Devan: Definitely some of the things you should be thinking about before getting to this point are:
- Who is your target audience?
- What are your goals for the video?
- What is your messaging going to be?
Having a clear idea of what you’re trying to accomplish with a video is really important. If that’s something you need help coming up with, we’re always willing to talk through those things with you. Every project we do starts with a consultation process.
People come in and we talk through those things and help them figure it out. If they don’t know where to start, we’ll help them figure out what they’re trying to say, what’s going to make their video the most useful for their organization, how they’re going to get the most benefit from it, and then go from there.
As we mentioned earlier, nailing down a budget is important to start out with as well, just so we know what we’re working with as a starting point. But really, getting that messaging nailed down and knowing what we’re trying to accomplish with your budget is key in figuring out how we’re going to make that go the farthest that we can.
Free Initial Consultation
Hilary: Our current philosophy is not to charge at all for initial consultations. We like to approach it with an open mind and put creativity first, especially when clients are in our local community that we’re interested in serving. We think, why not take the time to hear them out? Even if we’re busy, these are great networks to create and conversations to be had regardless.
But I have to say most of those conversations do turn into active projects, in which case, yes, we do charge that initial consultation back in when we factor all the costs, but it’s a very minimal fee. People are usually really excited, interested in doing it, and it’s customized enough that it’s not like we’re giving them tips on how they can do something on their smartphone because we don’t necessarily think that would even do them justice!

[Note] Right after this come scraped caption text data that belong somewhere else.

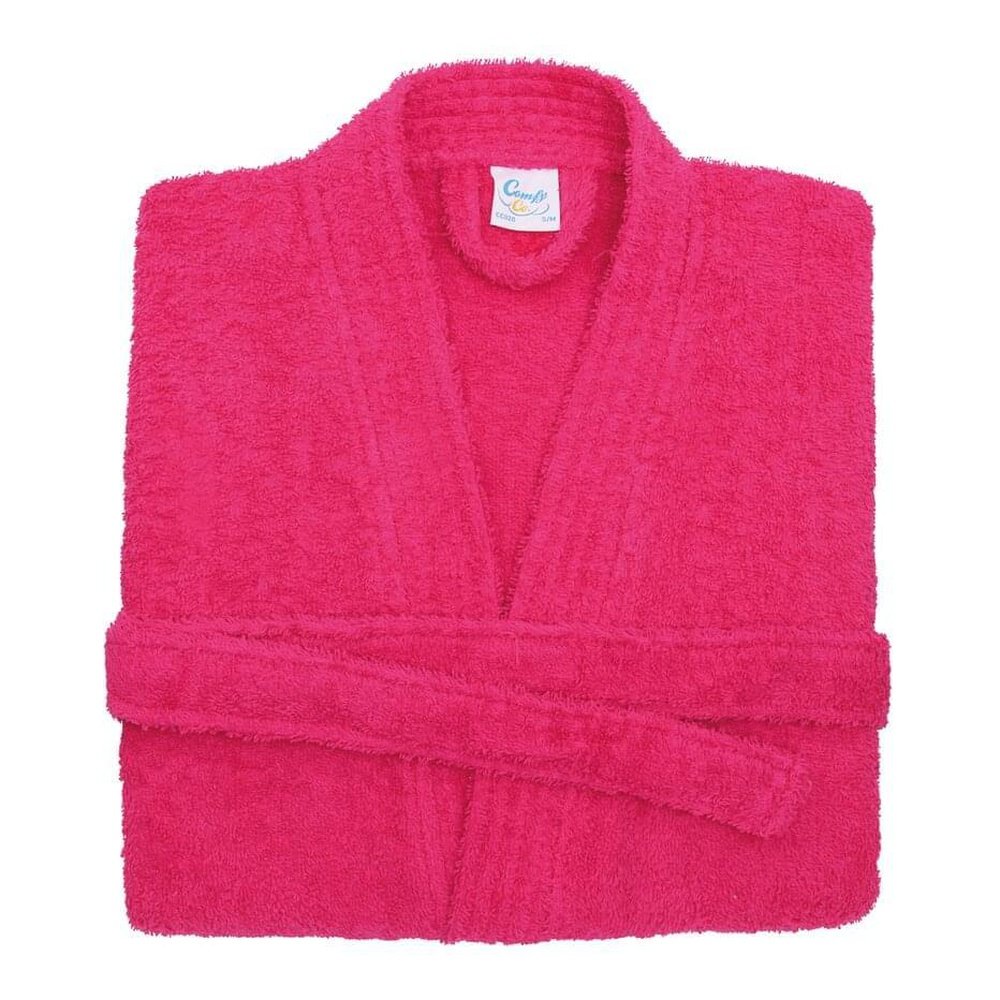 Adults Comfy Co Soft and Cosy Towelling Kimono Robe Dressing Gown CC020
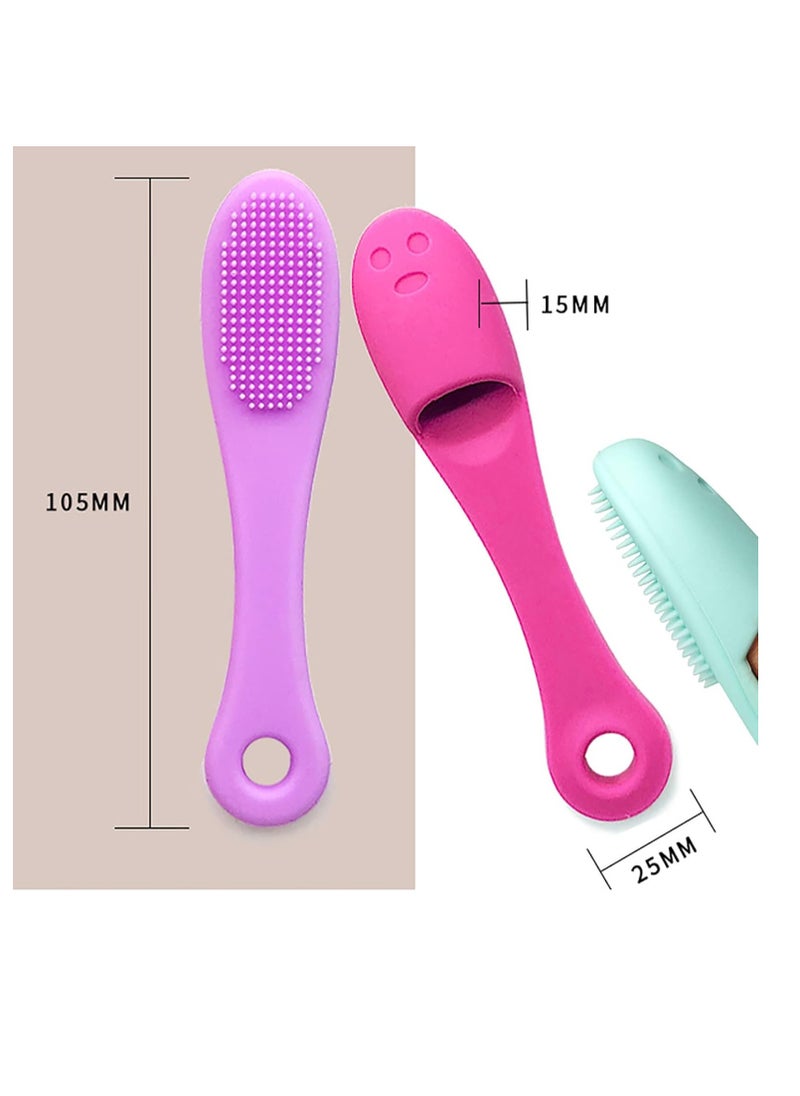 5-Pack Soft Silicone Manual Facial Cleansing Brushes, Face Scrubber Cleanser Brush for Gently and Effectively Cleaning, Removing Blackheads and Massaging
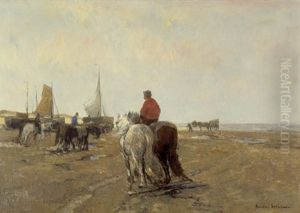 Krabbenfischer Am Strand by German Grobe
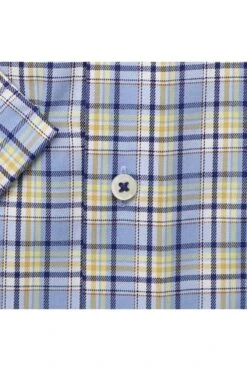 ETERNA Modern Fit Hemd Mittelblau, Kariert -Bekleidung Rabatt Serie 8213 C18U 12 3 800 1200x1200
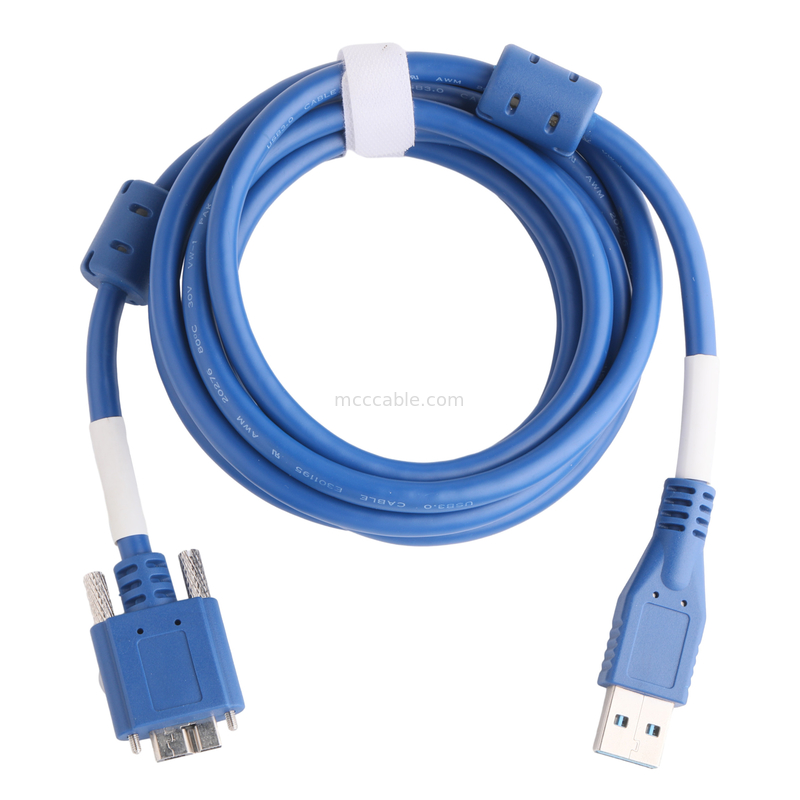 5 Gbps Micro B To Usb 3.0 Kablo Uzunluğu Özel Mavi Renk ROHS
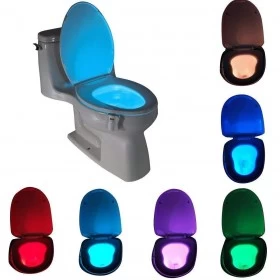 Bathroom Toilet Wc Night Light Motion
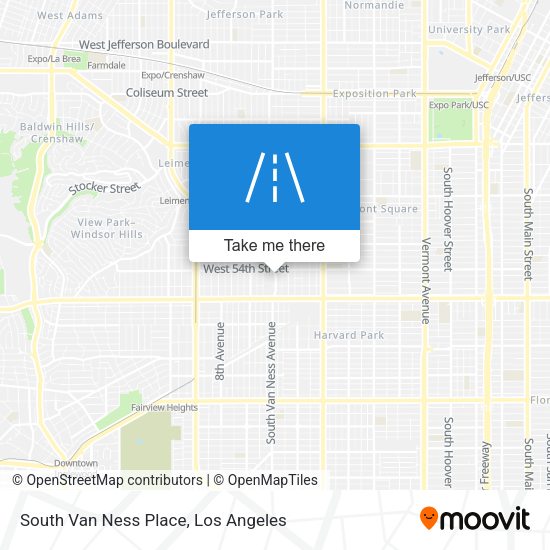 South Van Ness Place map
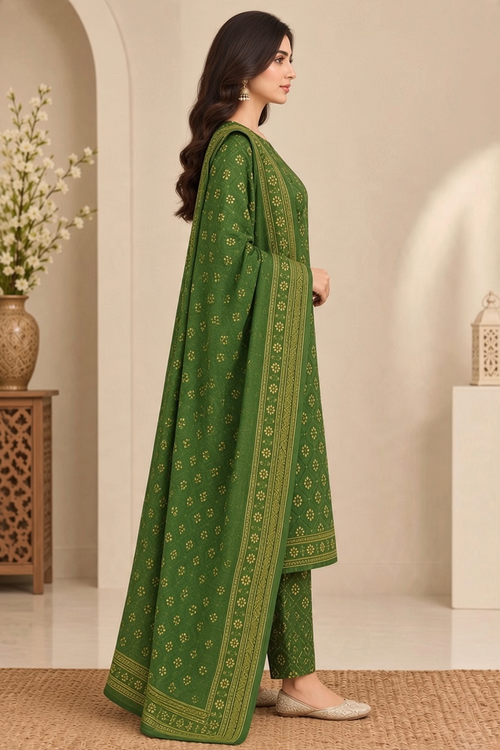 Bin Saeed Khaddar 3-Piece Unstitched Suit | Printed Dupatta Winter Collection Vol.6 | Brands Store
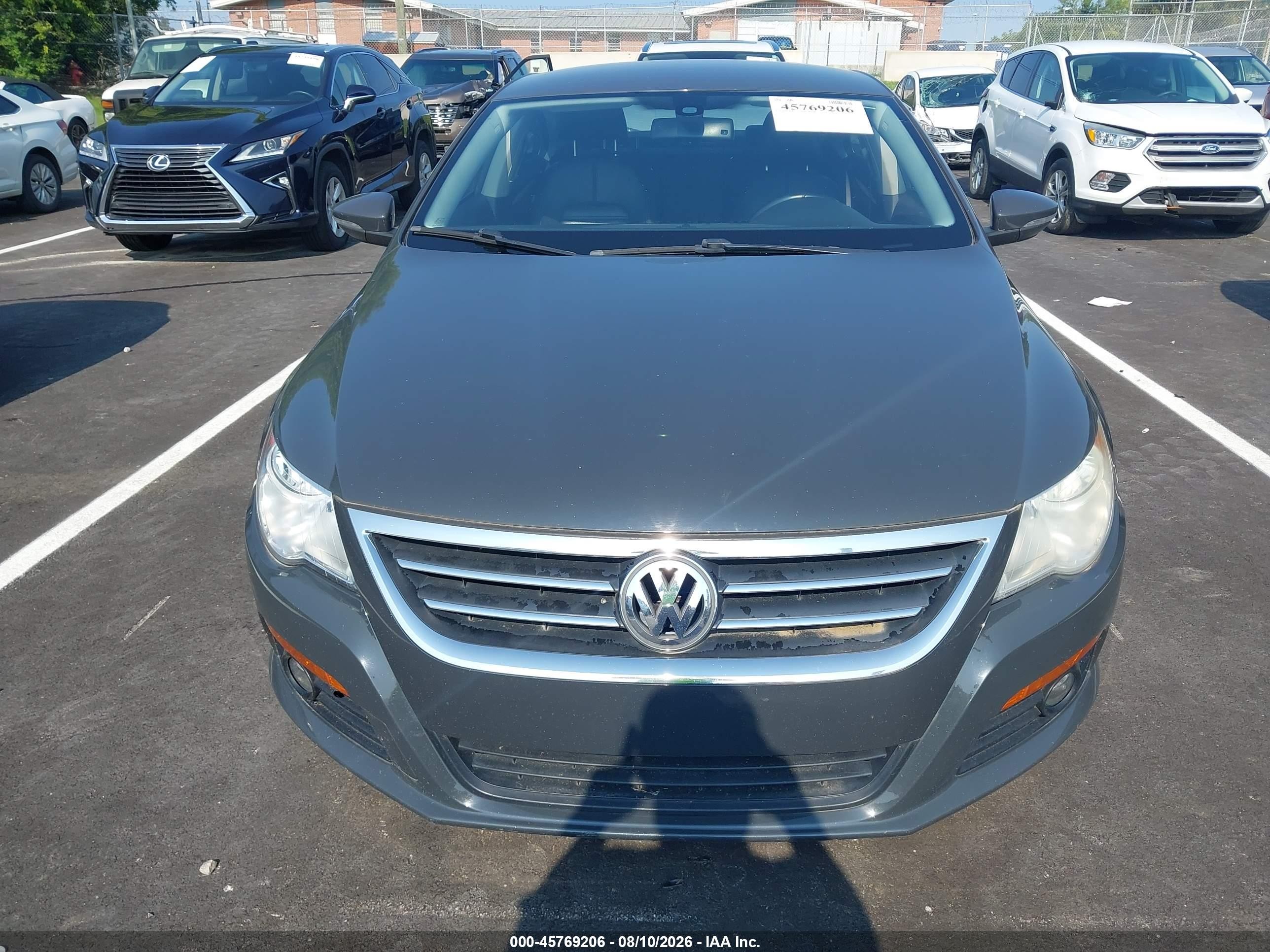 2012 Volkswagen Cc Lux Gray vin: WVWHN7AN1CE503079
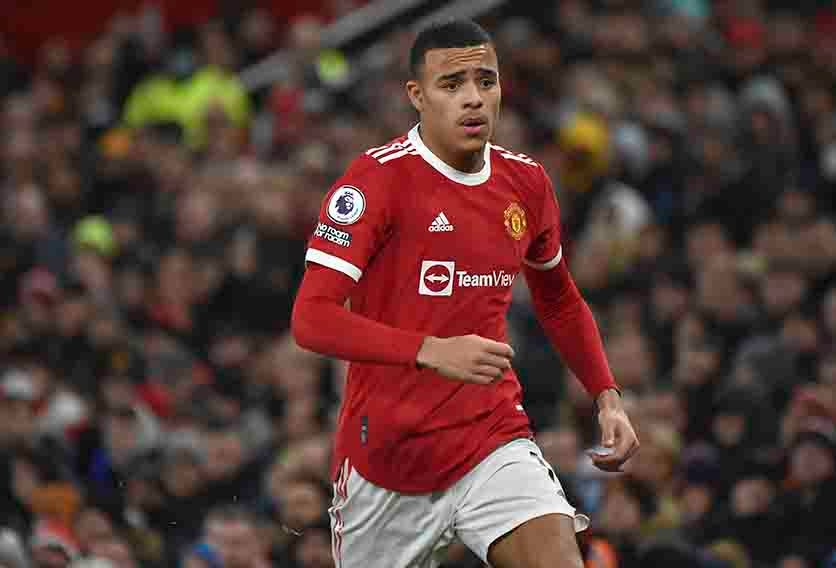 Greenwood, en un partido con el Manchester United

Why is Video Important for Nonprofits?
Devan: I think the most powerful thing about video and what we love most about it is that storytelling component and being able to get people really invested in personal stories, like the examples I shared with you earlier with some of the videos we’ve worked on.
Being able to talk to real people and tell their stories is really something that video does in a way that is difficult to do in any other medium. People are a lot more likely to share a video I think than maybe an article or something like that, so it’s got some credibility.
It has a marketing component behind it. They’re great for social media, websites, and things like that. People generally like watching videos. I think a big part of that is being able to get people really invested in those personal stories.
Hilary: And for the sake of a nonprofit, they really rely on people donating to their cause, and I think this is a way for them to not only gain new people to come on board, but it also shows people who have already donated to their cause — it shows a wider audience — that their money is going toward something meaningful and is making an impact. That’s a big component for nonprofits to show.
The Final Takeaway . . .
Hilary: If you don’t know a lot about video, it can seem overwhelming, but it really doesn’t have to be and it’s supposed to be a fun process, at least as far as we’re concerned! So, approach it with some level of creativity and fun and don’t hesitate to reach out to make that first step. Because once you do that, it’ll be a lot easier to wrap your head around whatever project you have in mind and be able to speak to the people that you want to support your cause.